NASA SBIR 2004 Solicitation


SUBTOPIC TITLE:Revolutionary Flight Concepts
PROPOSAL TITLE:Distributed Flight Controls for UAVs

SMALL BUSINESS CONCERN (Firm Name, Mail Address, City/State/Zip, Phone)
Continuum Dynamics, Inc.
34 Lexington Avenue
Ewing ,NJ 08618 - 2302
(609) 538 - 0444

PRINCIPAL INVESTIGATOR/PROJECT MANAGER (Name, E-mail, Mail Address, City/State/Zip, Phone)
Robert  M McKillip, Jr.
34 Lexington Avenue
Ewing, NJ  08618 -2302
(609) 538 - 0444

TECHNICAL ABSTRACT (Limit 2000 characters, approximately 200 words)
Two novel flight control actuation concepts for UAV applications are proposed for prototype development, both of which incorporate shape memory alloy (SMA) wires as prime movers. These actuators promise considerable savings in weight, power, and volume over existing electomechanical and hydraulic systems. Incorporation of these actuators within lifting surface structure, or as trailing edge control devices, would greatly simplify the actuation systems of these aircraft, thereby permitting greater payload fraction, increased range, enhanced robustness, and/or smaller vehicle size, and thus reduce both operational and fixed system costs. Choice between the two actuation concepts for a particular installation represents a tradeoff in actuation system bandwidth and power availability, and thus the same vehicle may include both systems depending upon the particular functional requirements. These actuators represent a derivative technology from a previous Army SBIR Phase I/II effort directed at providing in-flight helicopter blade tracking using actively controlled trailing edge tabs, and thus have been designed to have low mass and low power requirements from their inception. Since they lack any physical hinge joints, they may be embedded directly within aircraft lifting surfaces, eliminating interference drag associated with control deflection.
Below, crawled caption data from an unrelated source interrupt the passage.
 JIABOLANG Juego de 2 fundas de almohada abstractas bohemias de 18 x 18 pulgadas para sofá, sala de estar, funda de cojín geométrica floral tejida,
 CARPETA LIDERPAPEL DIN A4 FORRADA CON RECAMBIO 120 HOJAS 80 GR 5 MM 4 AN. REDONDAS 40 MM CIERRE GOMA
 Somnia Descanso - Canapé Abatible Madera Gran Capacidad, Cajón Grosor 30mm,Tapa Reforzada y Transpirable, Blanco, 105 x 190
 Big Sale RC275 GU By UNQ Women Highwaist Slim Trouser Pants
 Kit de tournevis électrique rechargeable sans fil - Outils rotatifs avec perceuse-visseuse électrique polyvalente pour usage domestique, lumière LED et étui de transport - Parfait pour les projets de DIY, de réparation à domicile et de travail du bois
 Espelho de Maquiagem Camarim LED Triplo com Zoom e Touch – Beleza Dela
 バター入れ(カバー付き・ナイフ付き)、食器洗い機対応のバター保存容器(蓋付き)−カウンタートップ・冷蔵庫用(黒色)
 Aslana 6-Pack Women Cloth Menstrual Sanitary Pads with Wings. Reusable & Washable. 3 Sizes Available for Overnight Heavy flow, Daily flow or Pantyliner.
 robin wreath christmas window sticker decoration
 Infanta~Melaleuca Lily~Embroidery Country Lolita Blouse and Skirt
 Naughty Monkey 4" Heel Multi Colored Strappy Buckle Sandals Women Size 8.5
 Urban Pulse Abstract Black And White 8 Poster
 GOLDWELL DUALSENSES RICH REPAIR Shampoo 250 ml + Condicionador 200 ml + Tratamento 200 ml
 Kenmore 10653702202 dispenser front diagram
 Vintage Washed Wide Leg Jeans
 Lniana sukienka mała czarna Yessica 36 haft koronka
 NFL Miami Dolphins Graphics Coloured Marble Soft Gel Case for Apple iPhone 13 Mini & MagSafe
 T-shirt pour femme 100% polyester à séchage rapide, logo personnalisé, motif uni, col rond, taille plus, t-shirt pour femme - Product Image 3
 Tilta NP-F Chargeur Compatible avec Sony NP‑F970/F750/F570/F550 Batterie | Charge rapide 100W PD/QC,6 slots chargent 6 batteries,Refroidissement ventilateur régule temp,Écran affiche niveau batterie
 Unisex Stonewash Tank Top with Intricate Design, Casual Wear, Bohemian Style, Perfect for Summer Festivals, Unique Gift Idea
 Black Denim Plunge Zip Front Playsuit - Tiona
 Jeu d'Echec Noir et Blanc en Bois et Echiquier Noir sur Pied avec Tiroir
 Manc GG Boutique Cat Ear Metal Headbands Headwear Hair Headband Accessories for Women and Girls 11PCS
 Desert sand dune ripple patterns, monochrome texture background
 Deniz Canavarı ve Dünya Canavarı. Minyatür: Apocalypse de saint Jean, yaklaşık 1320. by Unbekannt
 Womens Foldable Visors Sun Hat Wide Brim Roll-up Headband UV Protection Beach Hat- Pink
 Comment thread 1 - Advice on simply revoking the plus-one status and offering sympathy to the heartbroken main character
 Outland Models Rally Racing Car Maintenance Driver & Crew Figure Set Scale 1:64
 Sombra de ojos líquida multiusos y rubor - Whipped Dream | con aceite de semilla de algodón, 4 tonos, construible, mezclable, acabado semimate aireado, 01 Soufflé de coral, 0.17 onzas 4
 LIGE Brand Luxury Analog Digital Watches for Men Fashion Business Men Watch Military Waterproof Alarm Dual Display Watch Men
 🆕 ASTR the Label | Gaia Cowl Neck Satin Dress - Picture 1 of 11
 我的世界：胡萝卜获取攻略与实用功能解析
POTENTIAL NASA COMMERCIAL APPLICATIONS (Limit 1500 characters, approximately 150 words)
NASA has a need for advanced control actuation and systems to support long endurance high-altitude UAV applications. This technology would help mitigate known issues with reduced aeroelastic stability of such high altitude platforms, as well as provide vehicle robustness (load alleviation) to atmospheric gusts. Its all-electric actuation and lack of moving parts (i.e., no discrete hinges) enhances the actuator's capability to support longer duration UAV missions planned by NASA for the future.

POTENTIAL NON-NASA COMMERCIAL APPLICATIONS (Limit 1500 characters, approximately 150 words)
The actuators developed here could support DoD applications and commercial aircraft uses for UAV flight control and ancillary functions such as deploying flaps, landing gear and doors that house optics or weapons. They have a minimum number of moving parts, are extremely lightweight for the actuation stroke and force they provide, and utilize modest electrical power. In one configuration, electric power is only required to switch the actuator between discrete positions, making this actuator ideally suited for flap deployment and/or trim tab applications. These devices may also be used as auxiliary trim systems and flight control units for manned aircraft.